On 10/15/2018 04:32 PM, Ian Jackson wrote:
> Make the bufdev and non-bufdev messages distinct, and always print the
> non-constant argument (ie, the size).

Ok, so I was doing live migration of a domU with 8GiB ram, with Xen 4.11
and Linux 4.18 in the dom0, and it consistently failed with:

xencall: error: alloc_pages: mmap failed: Invalid argument
xc: error: Unable to allocate memory for dirty bitmaps, batch pfns and
deferred pages: Internal error
xc: error: Save failed (12 = Cannot allocate memory): Internal error
libxl-save-helper: debug: complete r=-1: Cannot allocate memory

With Linux 4.17 it either succeeds, or crashes the hypervisor (oh yeah!).
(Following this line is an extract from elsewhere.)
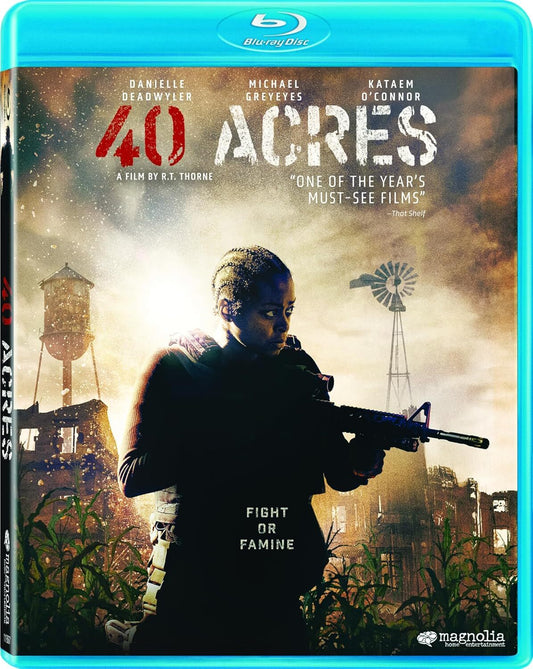 FORTY ACRES (2024)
Thanks to help in #xendevel a workaround was found (thanks Juergen), by
bumping the value of /sys/module/xen_privcmd/parameters/limit to
something higher than the default 64, which, using some obscure
calculation method, seems to mean 256k memory.

I could migrate this 8GiB domU when setting it to 128.

Andrew said:
17:13 < andyhhp> migration can and will use large buffers
17:13 < andyhhp> the total size of mappings is O(n) with the size of the
VM you are trying to migrate.

If I live migrate a domU with 64GiB of memory, how do I know what value
I need for this limit?

It feels a bit like a new kind of gnttab_max_frames setting that users
will run into when they do non-trivial things with Xen.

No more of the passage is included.